I have a data-set with multiple variables. I would like to do a statistical analysis to determine the extent of the impact of factors on the change in time, Which models are best suited for time-series data-set analysis?
First, plot your data versus time. is there some sort of pattern? If so, perhaps you can. what you do then depends on the data and what questions you want to ask. D. Booth
Are your multiple variables, responses or predictors or both. Is there a multilevel structure with say repeated measures (over time) on multiple individuals. If you have only one entity being repeatedly you have in effect a sample of one. (I am being provocative !) And how frequently are you measuring in relation to process of interest, annual, monthly, daily , by the second....... Are you interested in prediction or understanding?
You have not provided sufficient detail to really help.

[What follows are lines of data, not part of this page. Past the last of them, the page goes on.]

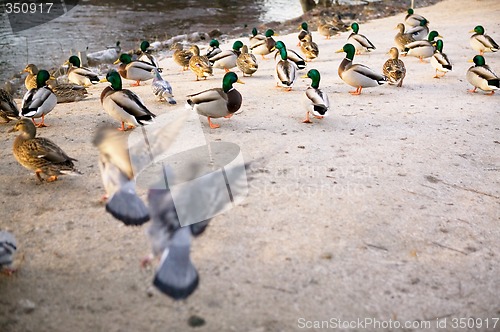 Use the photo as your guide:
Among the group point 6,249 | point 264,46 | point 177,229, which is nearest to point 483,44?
point 264,46

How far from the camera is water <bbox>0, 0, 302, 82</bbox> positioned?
12.8 metres

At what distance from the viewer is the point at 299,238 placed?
10.9ft

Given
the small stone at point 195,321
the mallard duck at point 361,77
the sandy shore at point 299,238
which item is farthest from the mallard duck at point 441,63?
the small stone at point 195,321

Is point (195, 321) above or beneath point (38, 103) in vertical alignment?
above

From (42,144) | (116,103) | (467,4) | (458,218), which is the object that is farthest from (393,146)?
(467,4)

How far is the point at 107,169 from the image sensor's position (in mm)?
2980

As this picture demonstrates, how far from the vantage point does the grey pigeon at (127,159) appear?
263cm

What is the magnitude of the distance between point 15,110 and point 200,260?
4.02 metres

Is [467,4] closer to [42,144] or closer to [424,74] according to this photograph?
[424,74]

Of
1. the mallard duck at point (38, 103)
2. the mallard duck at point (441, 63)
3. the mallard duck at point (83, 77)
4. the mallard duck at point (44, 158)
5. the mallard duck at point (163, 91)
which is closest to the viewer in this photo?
the mallard duck at point (44, 158)

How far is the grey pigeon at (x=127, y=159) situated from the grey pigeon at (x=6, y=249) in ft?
2.01

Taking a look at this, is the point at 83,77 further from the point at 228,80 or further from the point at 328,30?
the point at 328,30

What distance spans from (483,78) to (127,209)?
616 centimetres

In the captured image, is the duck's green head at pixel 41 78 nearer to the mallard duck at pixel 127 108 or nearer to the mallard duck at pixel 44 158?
the mallard duck at pixel 127 108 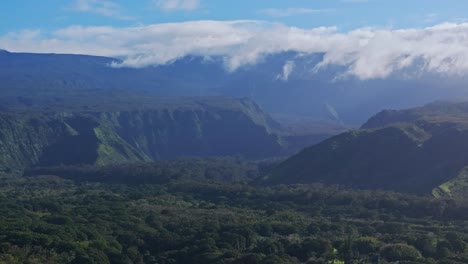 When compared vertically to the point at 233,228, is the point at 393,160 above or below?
above

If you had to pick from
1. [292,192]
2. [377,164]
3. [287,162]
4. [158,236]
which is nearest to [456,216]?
[292,192]

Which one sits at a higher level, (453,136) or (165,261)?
(453,136)

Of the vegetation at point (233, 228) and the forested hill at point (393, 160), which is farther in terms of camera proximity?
the forested hill at point (393, 160)

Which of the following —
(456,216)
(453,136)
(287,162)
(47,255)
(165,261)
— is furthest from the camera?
(287,162)

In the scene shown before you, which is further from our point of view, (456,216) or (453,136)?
(453,136)

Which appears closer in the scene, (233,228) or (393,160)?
(233,228)

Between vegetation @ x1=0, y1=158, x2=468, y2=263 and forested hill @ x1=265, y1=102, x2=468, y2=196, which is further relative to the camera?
forested hill @ x1=265, y1=102, x2=468, y2=196

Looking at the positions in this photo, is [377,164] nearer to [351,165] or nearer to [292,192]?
[351,165]

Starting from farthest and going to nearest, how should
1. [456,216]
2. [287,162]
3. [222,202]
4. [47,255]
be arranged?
[287,162] → [222,202] → [456,216] → [47,255] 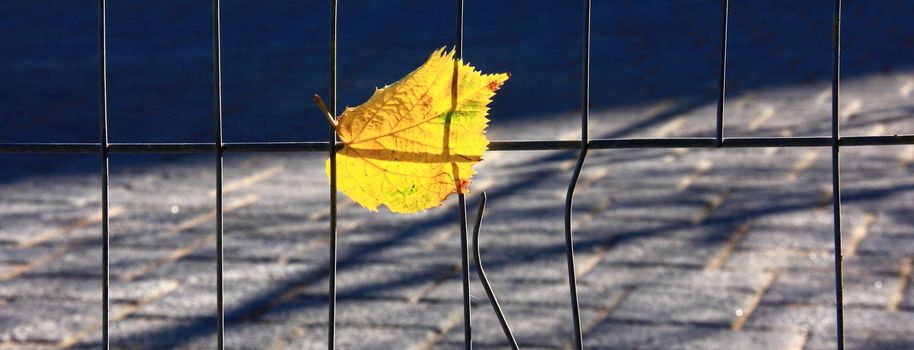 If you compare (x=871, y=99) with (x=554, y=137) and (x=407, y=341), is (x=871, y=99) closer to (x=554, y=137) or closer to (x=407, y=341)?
(x=554, y=137)

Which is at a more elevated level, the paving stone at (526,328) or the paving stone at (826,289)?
A: the paving stone at (826,289)

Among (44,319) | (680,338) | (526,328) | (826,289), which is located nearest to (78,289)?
(44,319)

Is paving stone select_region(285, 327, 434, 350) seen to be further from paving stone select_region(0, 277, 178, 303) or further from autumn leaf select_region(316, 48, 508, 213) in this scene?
autumn leaf select_region(316, 48, 508, 213)

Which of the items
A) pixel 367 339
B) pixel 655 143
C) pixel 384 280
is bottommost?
Answer: pixel 367 339

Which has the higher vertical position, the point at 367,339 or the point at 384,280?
the point at 384,280

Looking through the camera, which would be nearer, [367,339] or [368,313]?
[367,339]

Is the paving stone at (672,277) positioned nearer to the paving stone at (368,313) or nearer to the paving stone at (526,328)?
the paving stone at (526,328)

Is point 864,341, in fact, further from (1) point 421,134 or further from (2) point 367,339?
(1) point 421,134

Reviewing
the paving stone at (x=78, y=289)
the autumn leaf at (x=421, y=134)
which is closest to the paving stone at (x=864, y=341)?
the paving stone at (x=78, y=289)

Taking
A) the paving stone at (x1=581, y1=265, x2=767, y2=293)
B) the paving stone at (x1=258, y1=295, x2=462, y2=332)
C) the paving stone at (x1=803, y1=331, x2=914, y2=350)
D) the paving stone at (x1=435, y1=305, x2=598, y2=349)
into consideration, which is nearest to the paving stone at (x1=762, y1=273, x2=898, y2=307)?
the paving stone at (x1=581, y1=265, x2=767, y2=293) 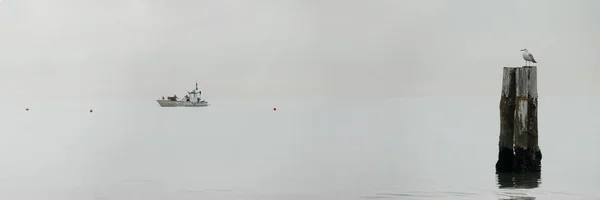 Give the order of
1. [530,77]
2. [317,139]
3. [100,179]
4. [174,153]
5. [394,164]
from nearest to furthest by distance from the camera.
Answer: [530,77] → [100,179] → [394,164] → [174,153] → [317,139]

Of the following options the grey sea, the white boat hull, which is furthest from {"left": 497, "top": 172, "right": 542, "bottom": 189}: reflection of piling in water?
the white boat hull

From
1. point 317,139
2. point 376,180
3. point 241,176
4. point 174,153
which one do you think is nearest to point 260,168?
point 241,176

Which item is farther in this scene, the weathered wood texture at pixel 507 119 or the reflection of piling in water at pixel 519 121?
the weathered wood texture at pixel 507 119

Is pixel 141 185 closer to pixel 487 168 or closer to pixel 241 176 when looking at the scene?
pixel 241 176

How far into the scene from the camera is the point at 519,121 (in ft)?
72.2

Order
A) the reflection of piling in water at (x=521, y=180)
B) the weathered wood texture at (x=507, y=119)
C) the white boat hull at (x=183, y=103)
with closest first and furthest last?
the weathered wood texture at (x=507, y=119) < the reflection of piling in water at (x=521, y=180) < the white boat hull at (x=183, y=103)

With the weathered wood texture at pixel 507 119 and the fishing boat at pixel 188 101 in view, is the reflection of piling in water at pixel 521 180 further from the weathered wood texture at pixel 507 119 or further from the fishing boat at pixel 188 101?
the fishing boat at pixel 188 101

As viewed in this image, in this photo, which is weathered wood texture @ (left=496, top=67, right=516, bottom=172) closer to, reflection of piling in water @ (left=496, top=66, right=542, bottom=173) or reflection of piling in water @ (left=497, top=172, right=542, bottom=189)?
reflection of piling in water @ (left=496, top=66, right=542, bottom=173)

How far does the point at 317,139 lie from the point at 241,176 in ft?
81.4

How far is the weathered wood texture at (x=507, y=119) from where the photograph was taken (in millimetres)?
22031

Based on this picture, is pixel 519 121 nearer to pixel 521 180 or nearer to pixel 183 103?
pixel 521 180

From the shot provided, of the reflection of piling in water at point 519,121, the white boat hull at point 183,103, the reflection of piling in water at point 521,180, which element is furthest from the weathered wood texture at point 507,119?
the white boat hull at point 183,103

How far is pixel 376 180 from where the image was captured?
88.1 ft

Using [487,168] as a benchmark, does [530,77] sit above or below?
above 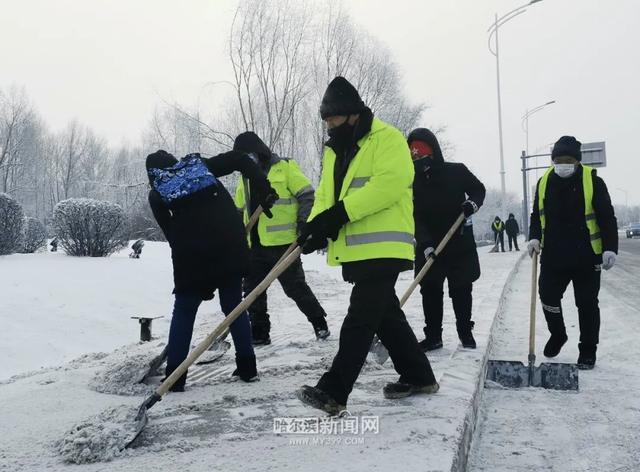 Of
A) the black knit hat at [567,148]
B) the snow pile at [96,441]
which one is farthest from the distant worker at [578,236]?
the snow pile at [96,441]

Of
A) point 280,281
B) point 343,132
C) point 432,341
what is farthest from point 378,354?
point 343,132

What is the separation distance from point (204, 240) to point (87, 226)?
8166 millimetres

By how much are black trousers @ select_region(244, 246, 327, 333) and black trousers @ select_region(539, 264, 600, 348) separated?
187cm

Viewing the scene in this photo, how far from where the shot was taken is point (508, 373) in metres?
4.13

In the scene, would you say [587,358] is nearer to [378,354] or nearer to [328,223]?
[378,354]

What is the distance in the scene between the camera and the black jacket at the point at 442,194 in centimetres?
454

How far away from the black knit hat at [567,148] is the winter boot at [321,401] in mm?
2831

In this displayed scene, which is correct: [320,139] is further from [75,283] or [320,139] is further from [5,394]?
[5,394]

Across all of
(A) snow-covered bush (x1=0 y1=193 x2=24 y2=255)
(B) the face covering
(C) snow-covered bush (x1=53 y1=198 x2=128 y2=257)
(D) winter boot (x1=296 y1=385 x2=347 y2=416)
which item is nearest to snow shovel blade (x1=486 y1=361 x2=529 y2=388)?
(D) winter boot (x1=296 y1=385 x2=347 y2=416)

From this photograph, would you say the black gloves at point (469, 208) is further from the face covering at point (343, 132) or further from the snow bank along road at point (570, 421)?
the face covering at point (343, 132)

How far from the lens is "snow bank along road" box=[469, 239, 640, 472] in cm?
280

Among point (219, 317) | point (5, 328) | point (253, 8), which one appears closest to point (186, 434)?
point (5, 328)

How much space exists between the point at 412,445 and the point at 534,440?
1044 mm

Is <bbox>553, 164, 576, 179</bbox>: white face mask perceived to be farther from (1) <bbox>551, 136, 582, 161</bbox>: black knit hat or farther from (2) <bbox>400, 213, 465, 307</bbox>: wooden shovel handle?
(2) <bbox>400, 213, 465, 307</bbox>: wooden shovel handle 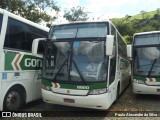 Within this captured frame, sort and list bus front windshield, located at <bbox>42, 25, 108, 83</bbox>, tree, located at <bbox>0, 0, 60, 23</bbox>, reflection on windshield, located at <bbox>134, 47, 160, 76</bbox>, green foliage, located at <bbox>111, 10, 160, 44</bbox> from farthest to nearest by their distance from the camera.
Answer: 1. green foliage, located at <bbox>111, 10, 160, 44</bbox>
2. tree, located at <bbox>0, 0, 60, 23</bbox>
3. reflection on windshield, located at <bbox>134, 47, 160, 76</bbox>
4. bus front windshield, located at <bbox>42, 25, 108, 83</bbox>

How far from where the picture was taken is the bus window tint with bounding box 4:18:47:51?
7328 millimetres

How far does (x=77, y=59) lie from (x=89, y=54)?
0.41m

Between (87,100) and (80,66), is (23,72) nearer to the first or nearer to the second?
(80,66)

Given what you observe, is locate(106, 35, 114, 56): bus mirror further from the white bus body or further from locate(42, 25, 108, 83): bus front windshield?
the white bus body

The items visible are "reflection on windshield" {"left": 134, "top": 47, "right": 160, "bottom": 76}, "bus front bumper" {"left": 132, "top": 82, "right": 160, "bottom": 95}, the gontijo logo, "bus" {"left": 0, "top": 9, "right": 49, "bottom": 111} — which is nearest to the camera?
"bus" {"left": 0, "top": 9, "right": 49, "bottom": 111}

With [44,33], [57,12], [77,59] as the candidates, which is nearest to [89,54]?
[77,59]

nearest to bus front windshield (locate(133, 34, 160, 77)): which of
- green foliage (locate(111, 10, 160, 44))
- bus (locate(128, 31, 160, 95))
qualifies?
bus (locate(128, 31, 160, 95))

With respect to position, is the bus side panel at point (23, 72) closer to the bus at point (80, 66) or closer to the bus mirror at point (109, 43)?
the bus at point (80, 66)

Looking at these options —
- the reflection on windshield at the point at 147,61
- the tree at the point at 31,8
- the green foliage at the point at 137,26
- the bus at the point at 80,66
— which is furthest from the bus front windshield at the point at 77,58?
the green foliage at the point at 137,26

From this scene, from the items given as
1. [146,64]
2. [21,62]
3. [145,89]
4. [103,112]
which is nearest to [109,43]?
[103,112]

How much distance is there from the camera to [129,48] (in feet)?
36.0

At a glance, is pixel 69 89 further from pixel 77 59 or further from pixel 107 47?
pixel 107 47

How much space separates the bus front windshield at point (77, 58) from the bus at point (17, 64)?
0.69 metres

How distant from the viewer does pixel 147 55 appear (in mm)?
10570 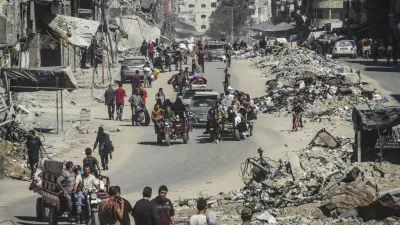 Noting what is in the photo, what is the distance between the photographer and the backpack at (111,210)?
15.6 metres

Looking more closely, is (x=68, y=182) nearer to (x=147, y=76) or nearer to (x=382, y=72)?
(x=147, y=76)

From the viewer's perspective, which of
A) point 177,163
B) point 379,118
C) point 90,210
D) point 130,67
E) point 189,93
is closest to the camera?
point 90,210

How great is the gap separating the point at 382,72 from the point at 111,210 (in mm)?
42493

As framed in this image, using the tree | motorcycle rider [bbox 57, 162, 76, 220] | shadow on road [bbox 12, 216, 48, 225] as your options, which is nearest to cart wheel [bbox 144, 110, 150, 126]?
shadow on road [bbox 12, 216, 48, 225]

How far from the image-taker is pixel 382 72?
185ft

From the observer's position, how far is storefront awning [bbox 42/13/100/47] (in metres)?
44.5

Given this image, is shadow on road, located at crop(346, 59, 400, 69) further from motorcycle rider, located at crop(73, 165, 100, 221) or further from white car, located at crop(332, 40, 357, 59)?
motorcycle rider, located at crop(73, 165, 100, 221)

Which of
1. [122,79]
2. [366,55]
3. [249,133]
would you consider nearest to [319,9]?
[366,55]

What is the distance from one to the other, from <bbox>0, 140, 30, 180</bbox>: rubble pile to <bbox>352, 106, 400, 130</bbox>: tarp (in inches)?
345

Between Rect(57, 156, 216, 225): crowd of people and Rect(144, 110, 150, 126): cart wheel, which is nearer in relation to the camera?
Rect(57, 156, 216, 225): crowd of people

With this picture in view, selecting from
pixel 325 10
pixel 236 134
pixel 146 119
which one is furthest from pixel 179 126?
pixel 325 10

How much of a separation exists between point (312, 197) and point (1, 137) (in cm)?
1269

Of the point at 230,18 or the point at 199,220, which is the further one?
the point at 230,18

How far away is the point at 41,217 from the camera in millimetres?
19844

You should first check the correlation among variables, then select the high correlated variables as your input to your model.
Then you should visualize your data as Prof. David recommended to see whether your data is linear or non-linear data. Depend on that you can know how to pick the model worked best for you. Such as
+ Linear dataset: AR, MA, ARMA, Exponential Smoothing ...
I have a data-set for taxi trips from point A to B (distance is fixed between the two points). I want to know what is the relation of some variables in influencing of the trip duration as an example (weather (rain - snow - temperature)- time (morning-peak-evening)).
Firstly, just I would like to do an explanatory analysis of the effect of variables on time, then I will do predicting.